Nothing in the data may be omitted; output it all verbatim.

★ ★ ★ ★ ★ ★ ★

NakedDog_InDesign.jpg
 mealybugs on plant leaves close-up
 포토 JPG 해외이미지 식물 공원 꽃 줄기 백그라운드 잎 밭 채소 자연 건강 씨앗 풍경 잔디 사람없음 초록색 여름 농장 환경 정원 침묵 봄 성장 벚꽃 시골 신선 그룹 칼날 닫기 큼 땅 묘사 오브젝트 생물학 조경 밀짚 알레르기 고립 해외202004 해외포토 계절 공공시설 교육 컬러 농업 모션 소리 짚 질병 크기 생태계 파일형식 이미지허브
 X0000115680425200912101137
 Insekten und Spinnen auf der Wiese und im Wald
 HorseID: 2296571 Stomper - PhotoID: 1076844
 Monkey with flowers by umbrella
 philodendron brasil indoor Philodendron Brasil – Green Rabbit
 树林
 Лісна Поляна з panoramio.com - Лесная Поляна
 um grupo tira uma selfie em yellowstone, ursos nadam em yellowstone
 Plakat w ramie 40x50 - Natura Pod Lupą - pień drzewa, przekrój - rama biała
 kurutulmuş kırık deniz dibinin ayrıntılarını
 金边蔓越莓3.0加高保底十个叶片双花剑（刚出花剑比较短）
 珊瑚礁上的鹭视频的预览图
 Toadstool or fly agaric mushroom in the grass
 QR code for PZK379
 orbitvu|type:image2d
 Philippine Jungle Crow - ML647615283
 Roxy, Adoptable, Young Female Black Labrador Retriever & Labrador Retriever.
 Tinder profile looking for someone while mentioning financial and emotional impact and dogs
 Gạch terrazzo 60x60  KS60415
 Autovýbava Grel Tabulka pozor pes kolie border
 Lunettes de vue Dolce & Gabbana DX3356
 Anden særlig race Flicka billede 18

★ ★ ★ ★ ★ ★ ★

[Answer space]
NakedDog_InDesign.jpg
 mealybugs on plant leaves close-up
 포토 JPG 해외이미지 식물 공원 꽃 줄기 백그라운드 잎 밭 채소 자연 건강 씨앗 풍경 잔디 사람없음 초록색 여름 농장 환경 정원 침묵 봄 성장 벚꽃 시골 신선 그룹 칼날 닫기 큼 땅 묘사 오브젝트 생물학 조경 밀짚 알레르기 고립 해외202004 해외포토 계절 공공시설 교육 컬러 농업 모션 소리 짚 질병 크기 생태계 파일형식 이미지허브
 X0000115680425200912101137
 Insekten und Spinnen auf der Wiese und im Wald
 HorseID: 2296571 Stomper - PhotoID: 1076844
 Monkey with flowers by umbrella
 philodendron brasil indoor Philodendron Brasil – Green Rabbit
 树林
 Лісна Поляна з panoramio.com - Лесная Поляна
 um grupo tira uma selfie em yellowstone, ursos nadam em yellowstone
 Plakat w ramie 40x50 - Natura Pod Lupą - pień drzewa, przekrój - rama biała
 kurutulmuş kırık deniz dibinin ayrıntılarını
 金边蔓越莓3.0加高保底十个叶片双花剑（刚出花剑比较短）
 珊瑚礁上的鹭视频的预览图
 Toadstool or fly agaric mushroom in the grass
 QR code for PZK379
 orbitvu|type:image2d
 Philippine Jungle Crow - ML647615283
 Roxy, Adoptable, Young Female Black Labrador Retriever & Labrador Retriever.
 Tinder profile looking for someone while mentioning financial and emotional impact and dogs
 Gạch terrazzo 60x60  KS60415
 Autovýbava Grel Tabulka pozor pes kolie border
 Lunettes de vue Dolce & Gabbana DX3356
 Anden særlig race Flicka billede 18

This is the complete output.